And then we'll wrap things up with a delightful dessert that continues to impress, and that is having it's a special day today - and we've been making and enjoying it in this country for well over 100 years now.
But first, let's catch up on some Greetings from Gardeners around the world and today's curated news.
To participate in the Gardener Greetings segment, send your garden pics, stories, birthday wishes and so forth to Jennifer@theDailyGardener.org
And, to listen to the show while you're at home, just ask Alexa or Google to play The Daily Gardener Podcast. It's that easy.
"Fresh herbs are an undeniable delight, even if you don't channel Ina Garten on a daily basis. But they often end up half-used or forgotten in the back of the fridge. The best indoor herb garden will bring bold, fresh flavor to your kitchen in just the amount you need."

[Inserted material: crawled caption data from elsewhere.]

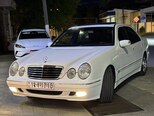 Mercedes E 200-4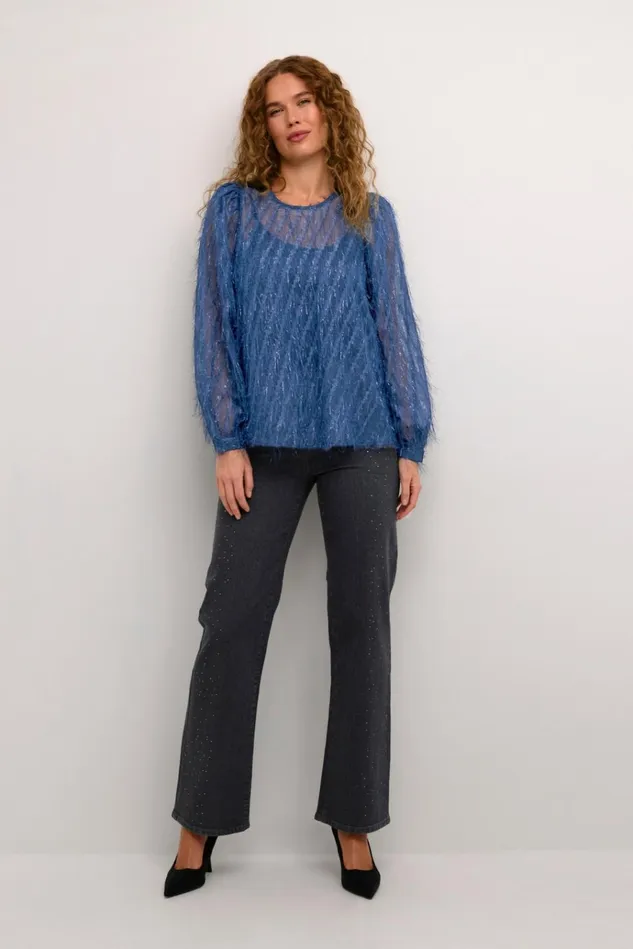 CULTURE Blouses CUpatty Blouse Salute 8211 Women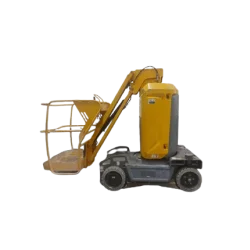 USED HAULOTTE STAR 10 - 10Μ WORKING HEIGHT (2017) USED HAULOTTE STAR 10 - 10Μ WORKING HEIGHT (2017)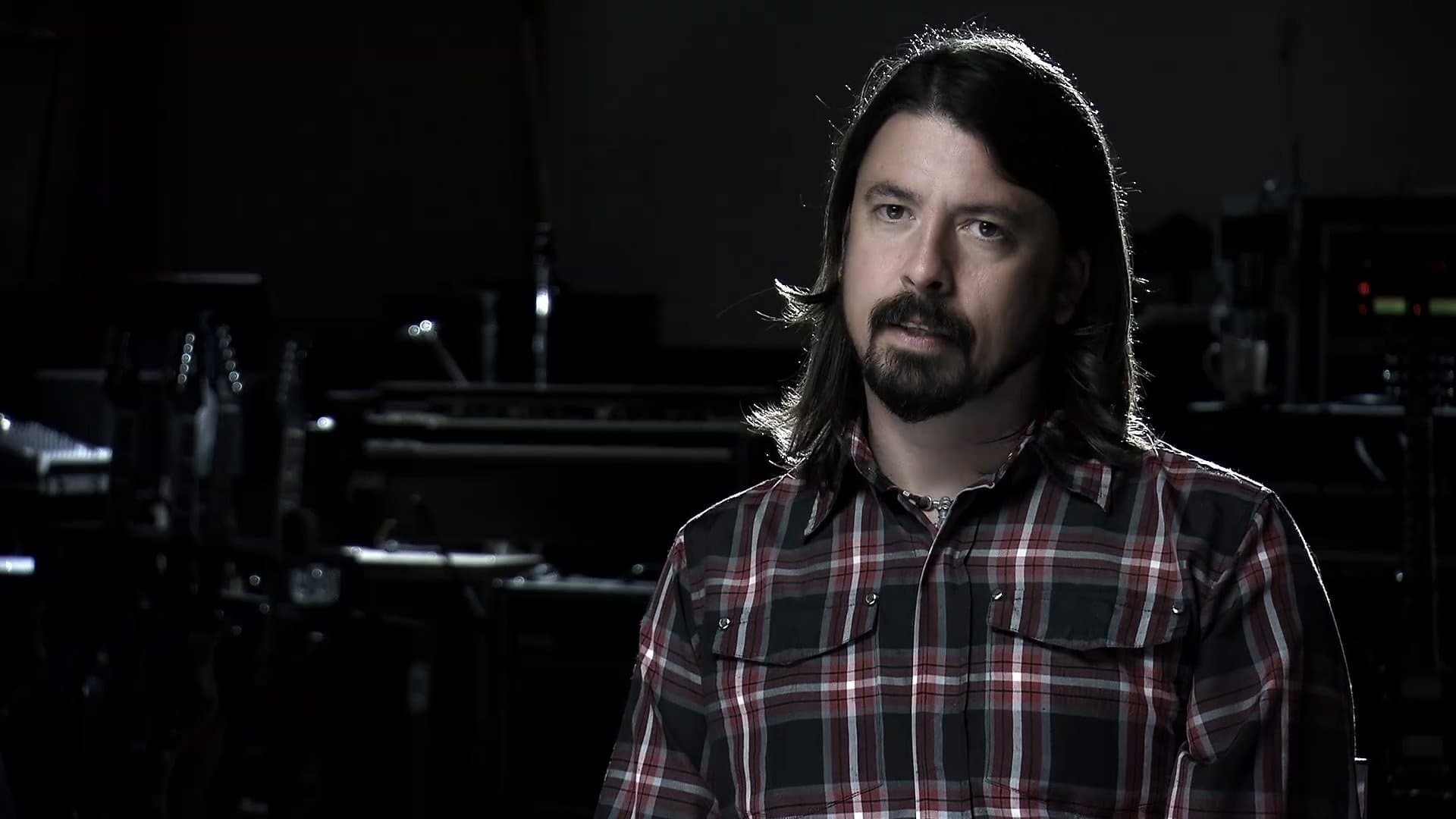 Backdrop of Foo Fighters: Back and Forth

Garden Shopping in the Produce Aisle
Did you know that you can regrow or grow many items from your produce aisle in the supermarket? It's true.
Two of the many gardening books I brought with me to the cabin when I came up here to quarantine were
With seeds being harder and harder to source, these books are a great reminder that we shouldn't be tossing out our kitchen scraps — we can use them to grow!
Right now, thanks to books like these, I'm growing onion, garlic, spring onions, carrots, and even radish greens - all of them from food scraps.
What's more, I'm discovering that the possibilities are really endless. You'll be amazed at all of the options for utilizing pieces and parts of produce from the grocery store to regrow food you never thought possible.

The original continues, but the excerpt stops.